- Your objective
Output only the lines from the line holding "Rafael Nadal and" through the close of the records, exactly as they appear, with all pictures omitted.

[Start of Attachment]

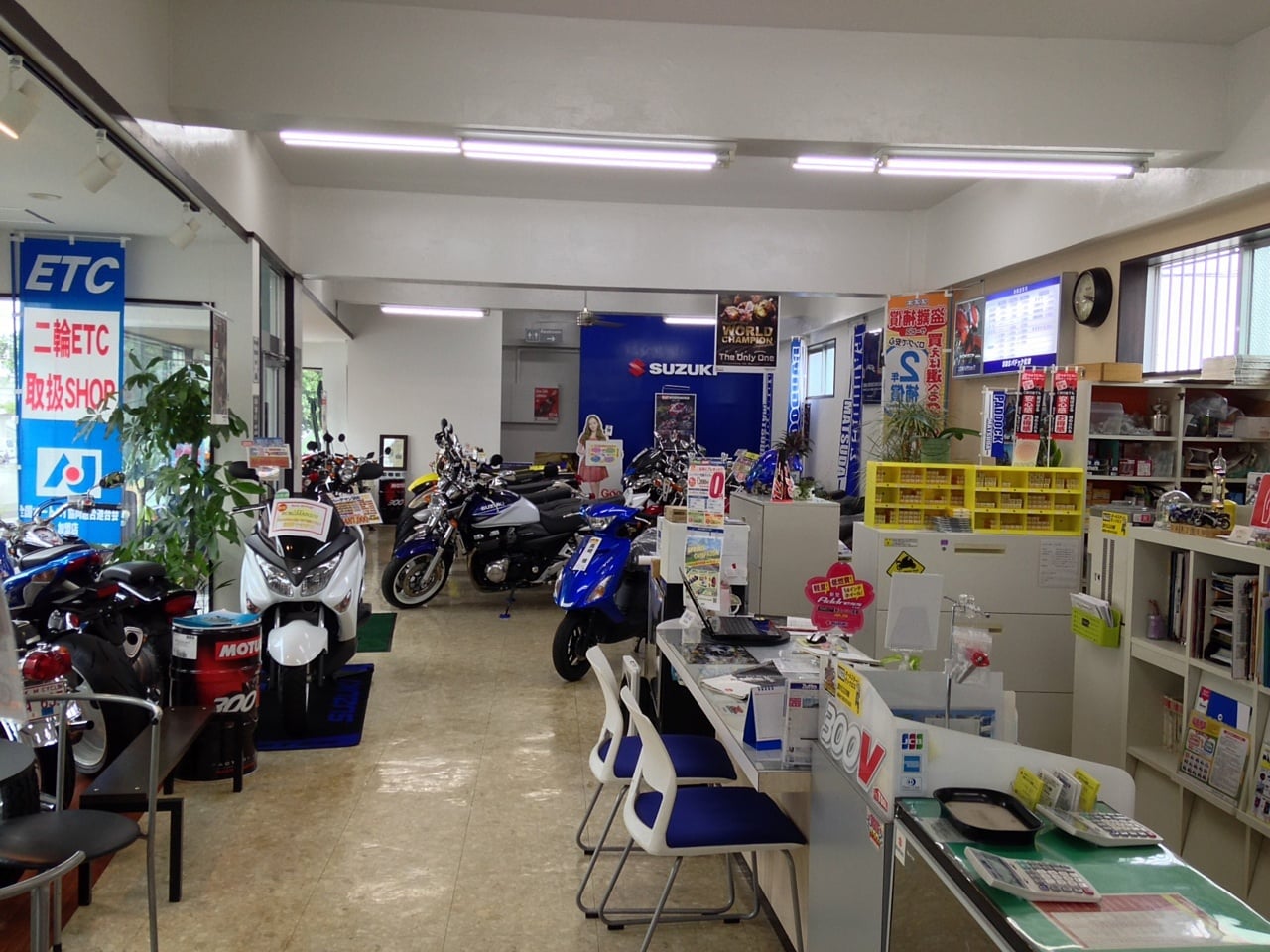 ショップ情報｜沖縄のバイク・中古車販売、ロードサービスならSBSパドック松田｜レンタルバイク｜レンタカー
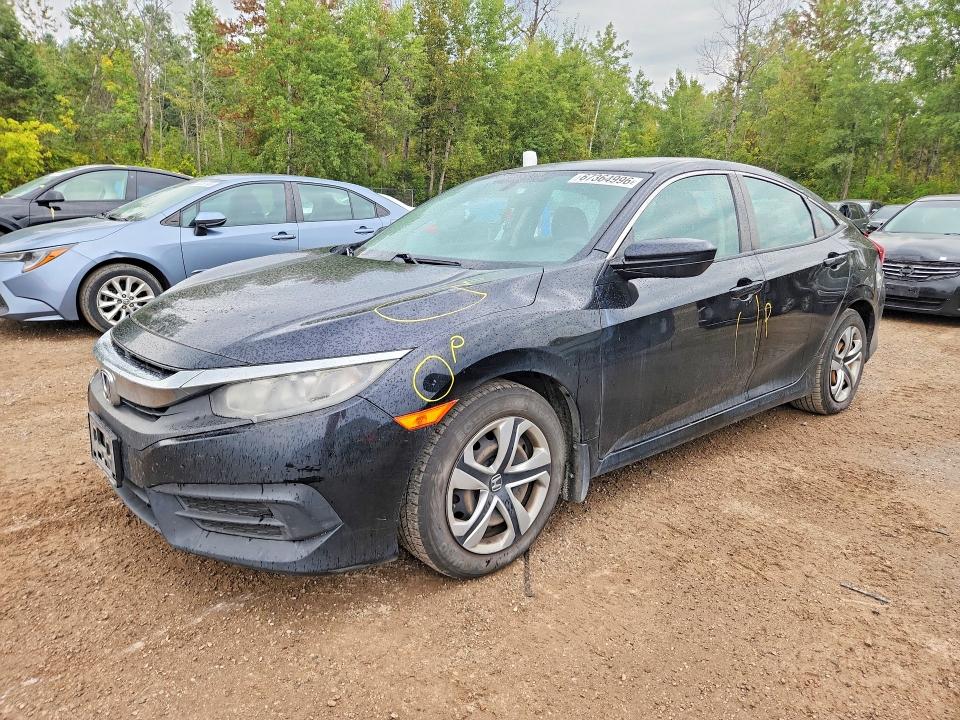 67364996 :رقم المزاد ، 2HGFC2F50HH014831 vin ، 2017 Honda Civic مزاد بيع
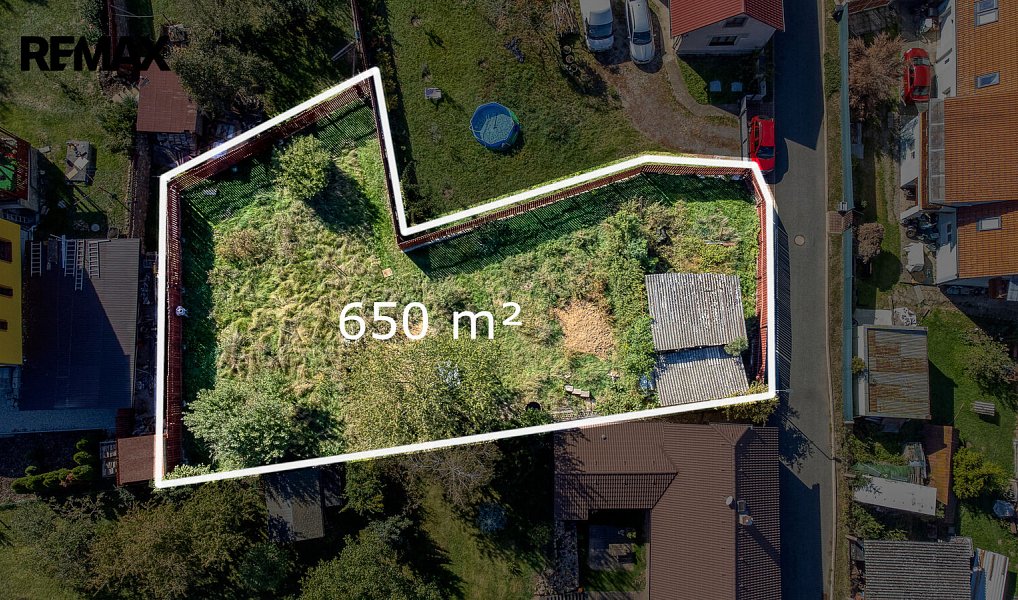 Prodej stavebního pozemku 650 m², Stašov – náhled fotky 5
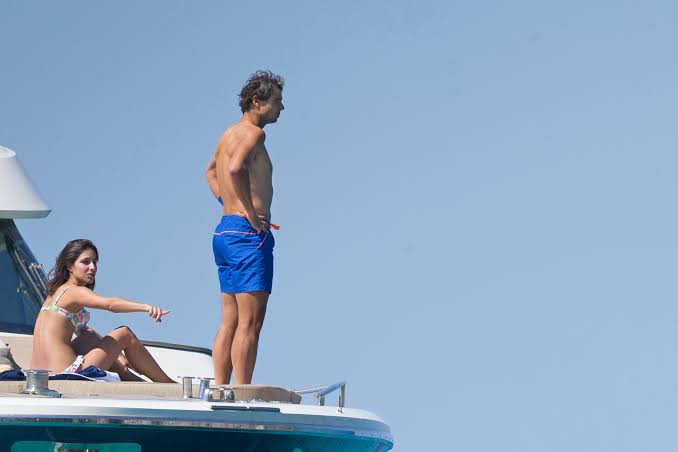 Rafael Nadal and His Girlfriend in Ibiza, Spain, June 2016 | PS Latina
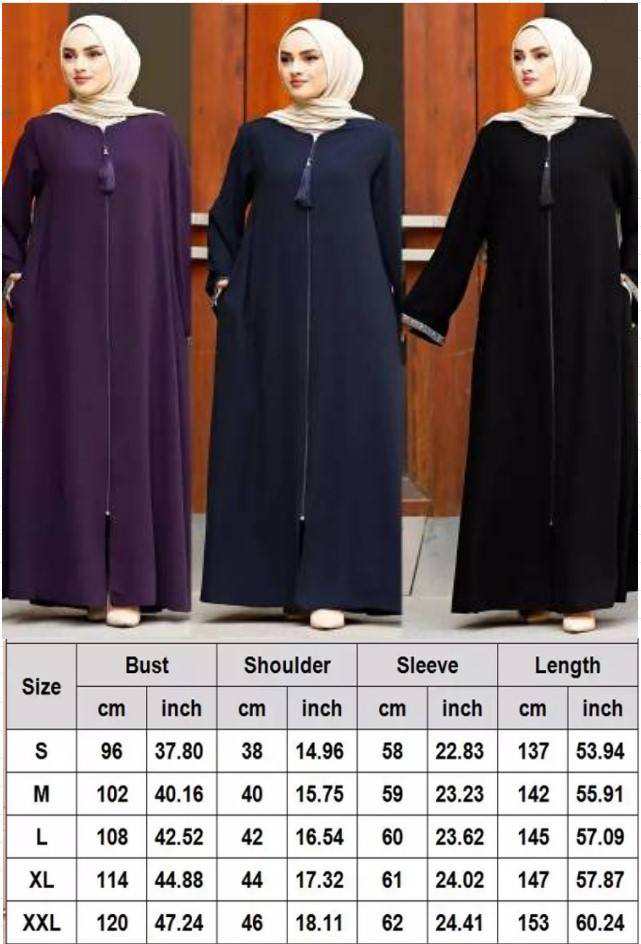 006-Abaya Dress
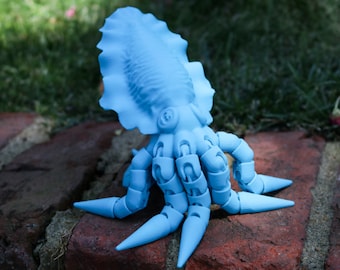 3D Printed Cuttlefish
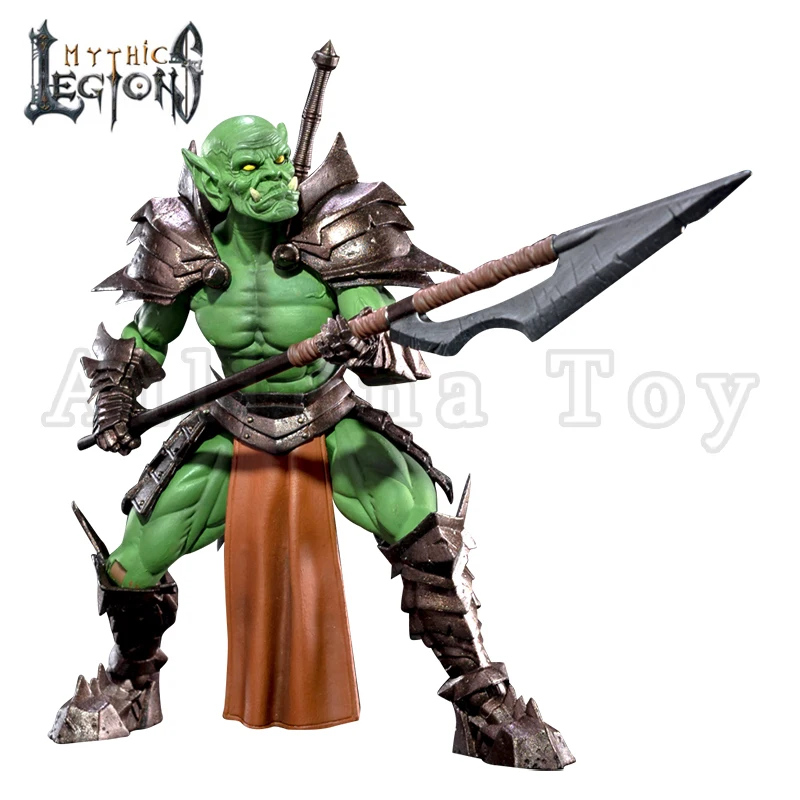 

Four Horsemen Studio Mythic Legions 1/12 6inches Action Figure Deluxe Male Orc Builder Ver 2.0 Anime Free Shipping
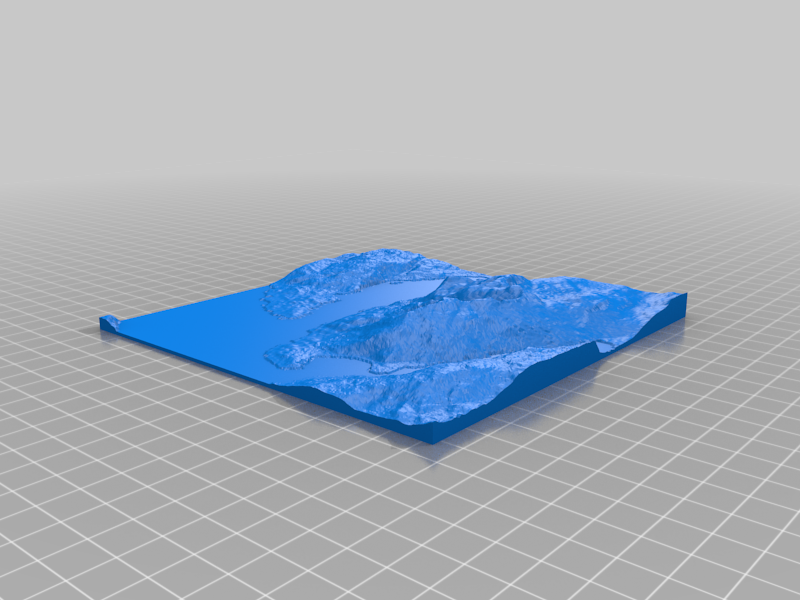 Narvik Norway 3d map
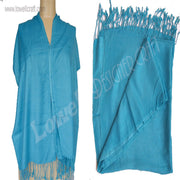 JACQUARD PASHMINA STOLE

[End of Attachment]

- Finished exercise
 Rafael Nadal and His Girlfriend in Ibiza, Spain, June 2016 | PS Latina
 006-Abaya Dress
 3D Printed Cuttlefish

Four Horsemen Studio Mythic Legions 1/12 6inches Action Figure Deluxe Male Orc Builder Ver 2.0 Anime Free Shipping
 Narvik Norway 3d map
 JACQUARD PASHMINA STOLE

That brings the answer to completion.